▸ **Assigned task**: Your copy starts at the line containing "Set) | Amazon (US)" and ends at the last line below. Copy exactly, without pictures.
****************
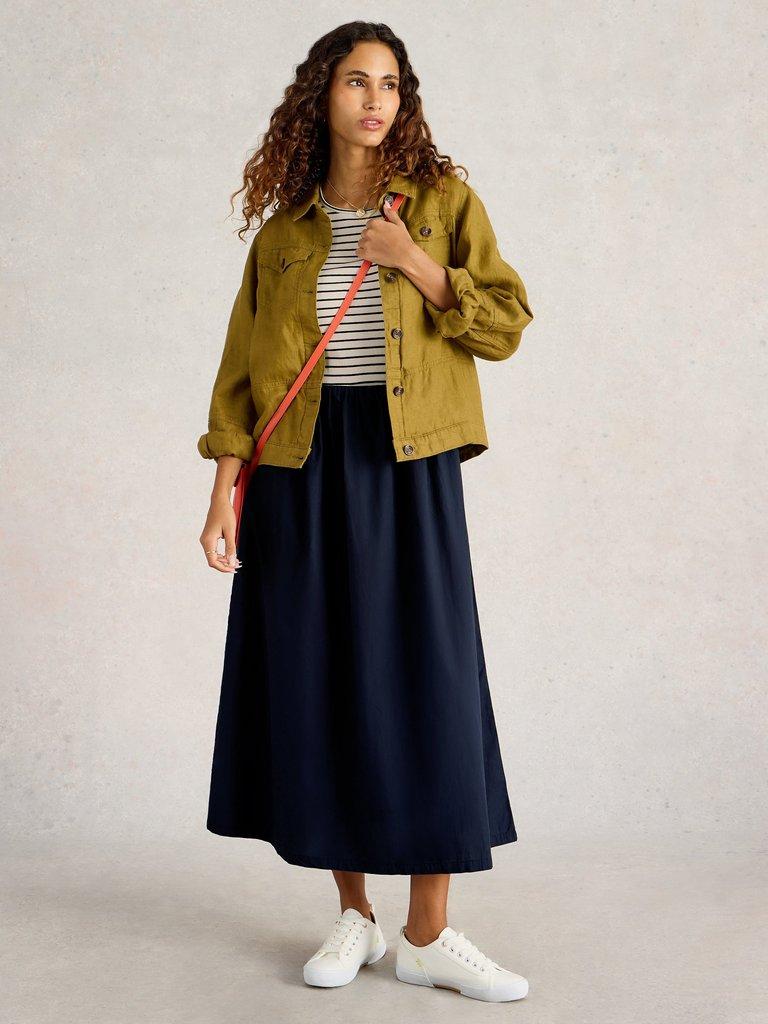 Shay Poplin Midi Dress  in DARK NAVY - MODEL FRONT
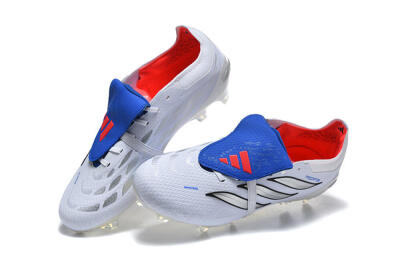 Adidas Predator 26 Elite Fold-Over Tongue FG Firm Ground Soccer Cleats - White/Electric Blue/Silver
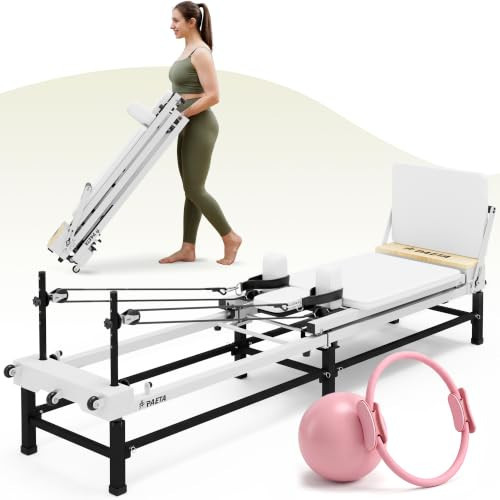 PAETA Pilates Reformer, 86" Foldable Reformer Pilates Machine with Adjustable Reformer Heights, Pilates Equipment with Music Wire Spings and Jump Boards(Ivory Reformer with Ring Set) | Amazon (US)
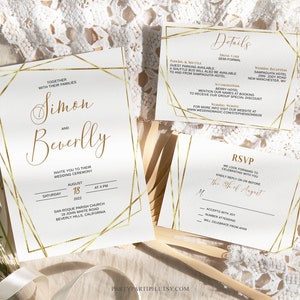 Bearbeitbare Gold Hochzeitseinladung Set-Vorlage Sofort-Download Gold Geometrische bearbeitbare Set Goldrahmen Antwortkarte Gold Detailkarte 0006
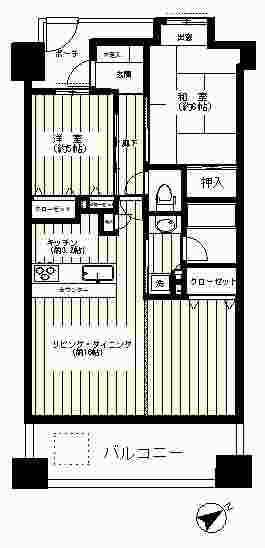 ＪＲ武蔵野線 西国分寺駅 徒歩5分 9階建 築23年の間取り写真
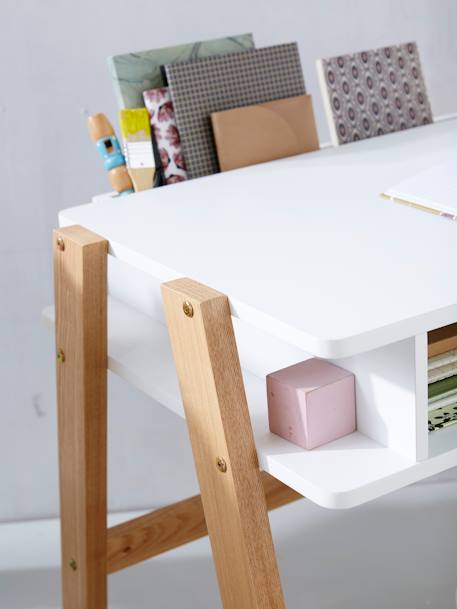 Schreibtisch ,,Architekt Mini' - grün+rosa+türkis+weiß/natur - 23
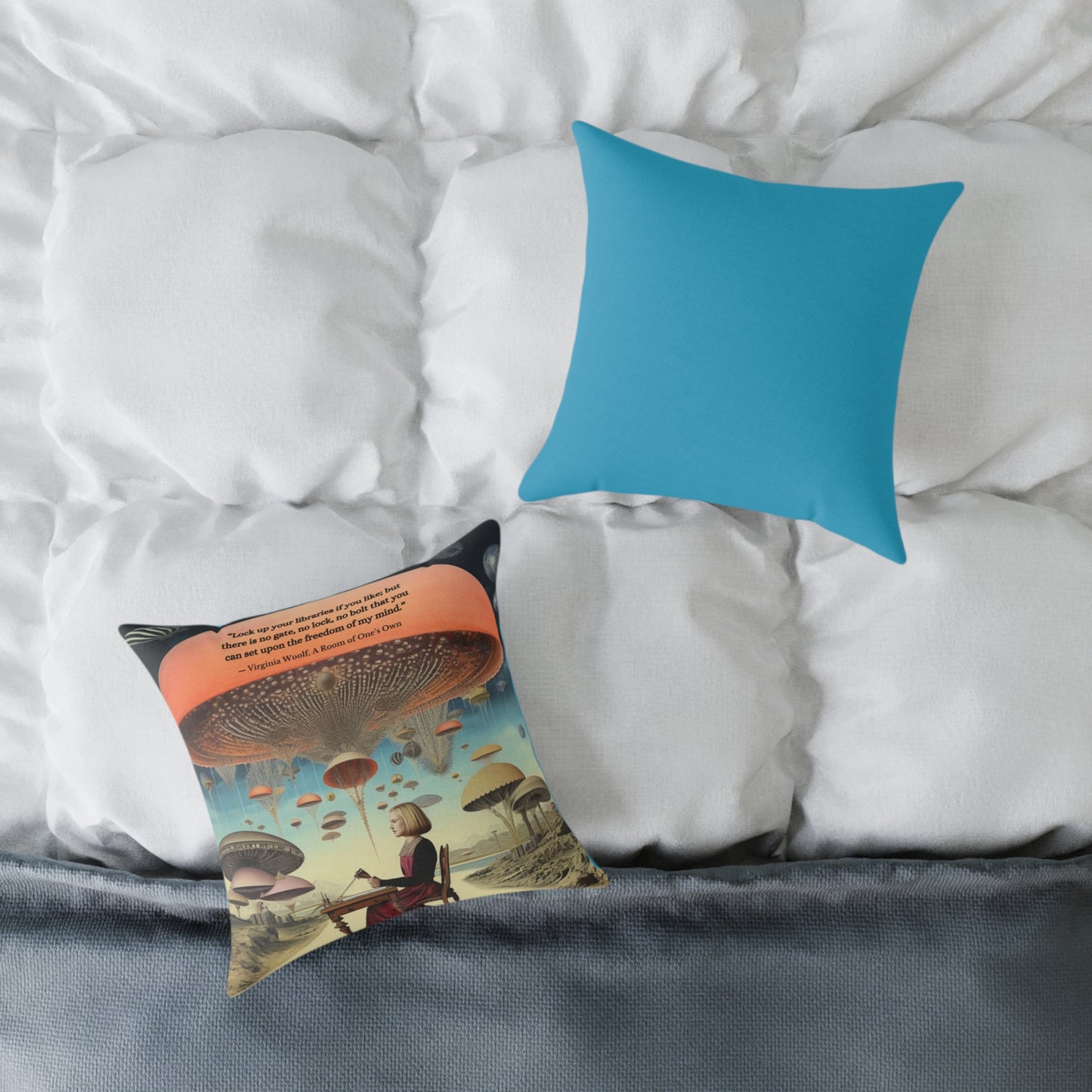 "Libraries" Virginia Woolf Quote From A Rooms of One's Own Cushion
****************
▸ **Task solution**:
 PAETA Pilates Reformer, 86" Foldable Reformer Pilates Machine with Adjustable Reformer Heights, Pilates Equipment with Music Wire Spings and Jump Boards(Ivory Reformer with Ring Set) | Amazon (US)
 Bearbeitbare Gold Hochzeitseinladung Set-Vorlage Sofort-Download Gold Geometrische bearbeitbare Set Goldrahmen Antwortkarte Gold Detailkarte 0006
 ＪＲ武蔵野線 西国分寺駅 徒歩5分 9階建 築23年の間取り写真
 Schreibtisch ,,Architekt Mini' - grün+rosa+türkis+weiß/natur - 23
 "Libraries" Virginia Woolf Quote From A Rooms of One's Own Cushion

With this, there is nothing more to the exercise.